On the surface, security management is something that techies do. Wouldn’t it be great if, without any real technical skill, you could tell the infrastructure to make certain services available to particular parties, and block access to everyone else? Well, you can’t: for the foreseeable future you’re going to need some technical ability. And you generally find that in the IT department.
But think for a moment about what security management does. Part of it is about designing and implementing the security settings of the infrastructure, but is this really a very big element? At installation time it is, of course: the initial configuration task can be gargantuan and highly technical. But the ongoing task is neither – in fact, it can be mundane and repetitive. It’s all about monitoring, recording, reviewing, managing change, conducting audits.
We mentioned earlier the concept of where security management doesn’t belong.

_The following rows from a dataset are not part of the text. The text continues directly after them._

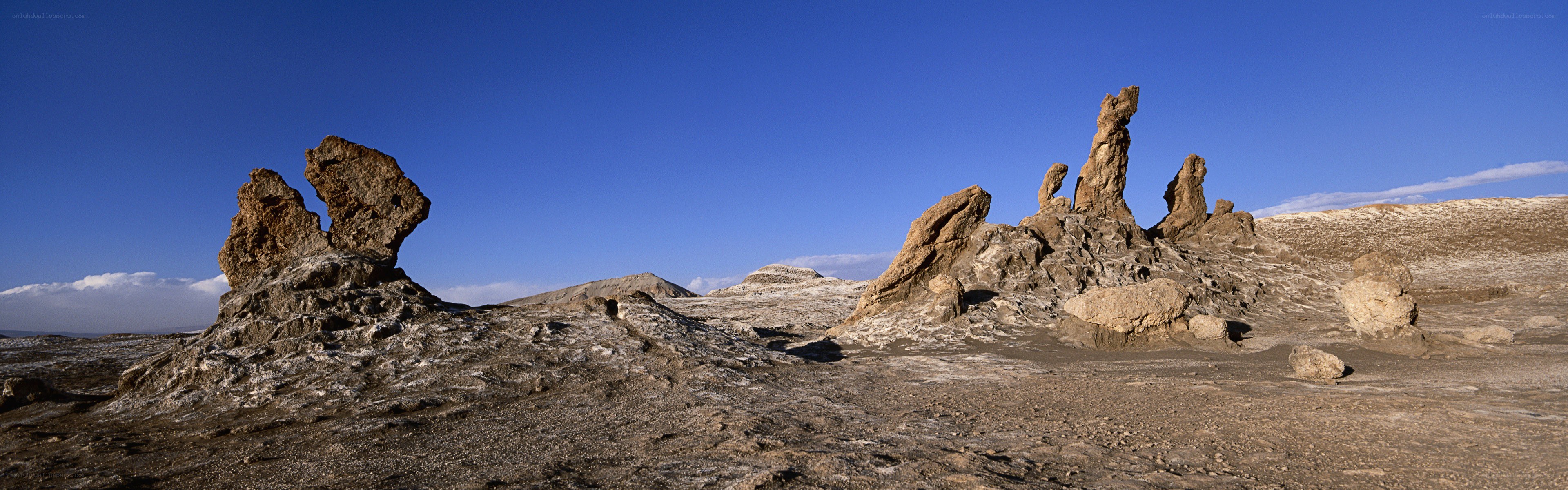 Desert rock formations under blue sky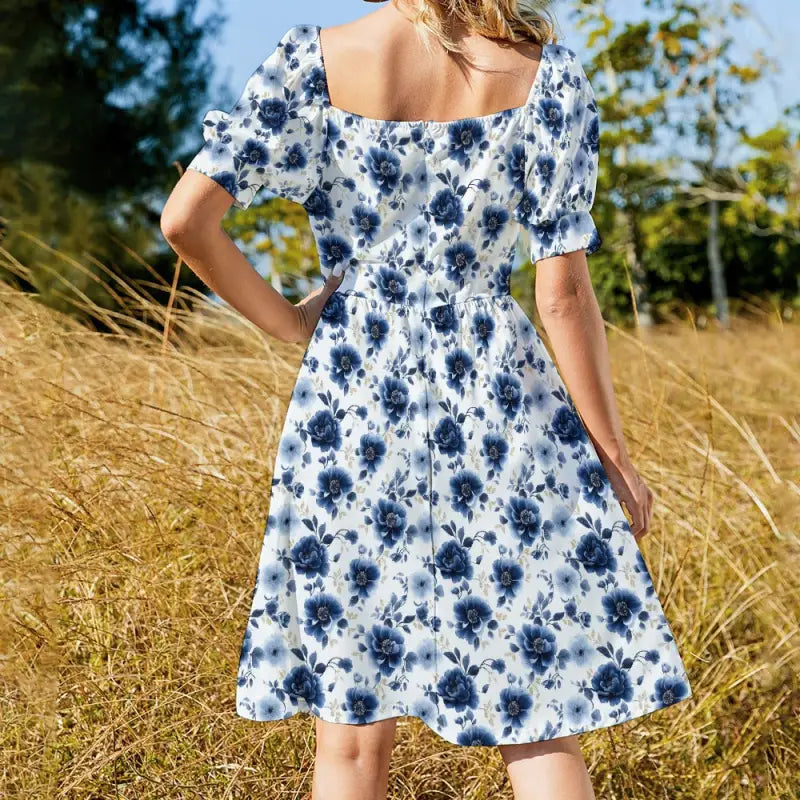 White and blue floral sweetheart dress with puff sleeves for a cottagecore vibe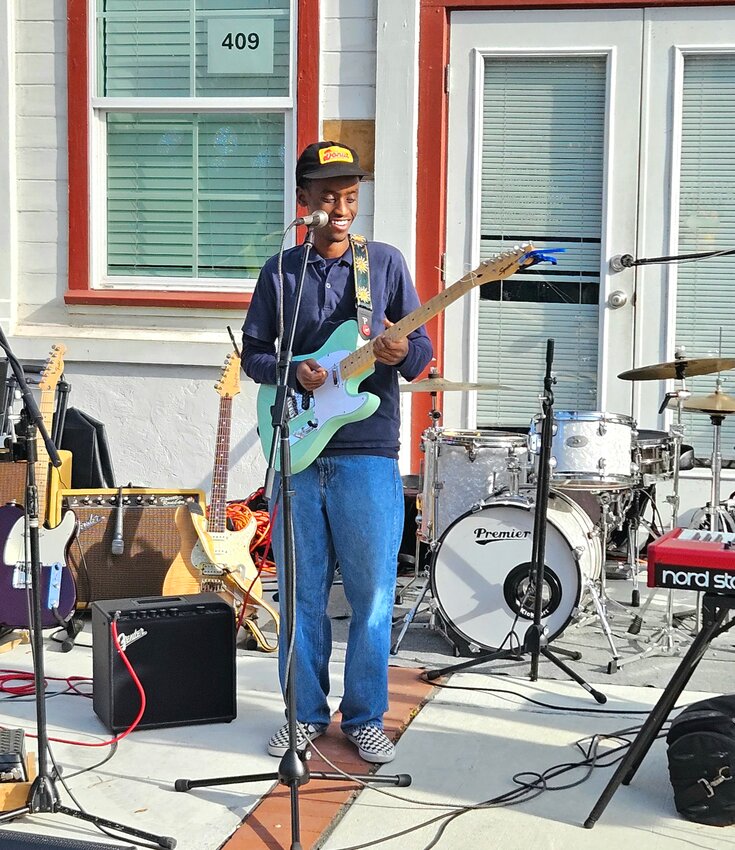 Three chords and the youth: Calvin Waiguru, 18, picking and grinnin'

The risk management people have traditionally assumed that information security doesn’t belong with them … or in many cases they’ve probably not even thought about it. But that’s going to change.
Information security standards aren’t actually information security standards: they’re risk management standards.
For instance, as section 0 (the very first bit) of the ISO 27001 standards document puts it: “The information security management system preserves the confidentiality, integrity and availability of information by applying a risk management process and gives confidence to interested parties that risks are adequately managed”.
Risk gets two mentions in paragraph 2, and on one page it’s mentioned a whopping 17 times. Information security is the same as risk management.
A security audit generally has the auditor asking questions of the auditee, with a techie on hand to pull the necessary data out of whatever systems need to have data pulled out of them. In 2020, that’s going to change.
Why do we need technical support to pull information out of systems? We already have the technology to provide auditors with the data they need, in a way that lets them ask for it directly themselves.
It’s no different from board reports in that respect – modern software lets us take source data and produce non-technical reports without the need for an organic life-form to hack it about on the way. Of course, as well as reducing human effort this also means that we can eliminate the step where someone gets to “clarify” the data and make the bright red flag look a little more green; some may well consider this a good elimination.
Oh, and while we’re asking the “why” questions, why do we only do periodic audits? The January data isn’t audited until the auditor lands in October … but why? It’s there all year, and we have the tools that we need to use it all year.
And that’s where information security management will go. First of all, we’ll realise that management is 10 percent configuration and 90 percent looking. Then we’ll realise that because we now have tools that take a complex collection of information and make it visible in a simple way to lay readers – auditors, say, or risk managers. Then those risk managers will realise that if they’re asking the same questions of the same data every time, that could be done more efficiently – and less boringly – by an automated routine on a computer. And then they’ll simply get the technology to write the reports, and to alert them if something isn’t aligning with what it should look like.
At which point they’ll realise that information security management and risk management are, in fact, the same thing.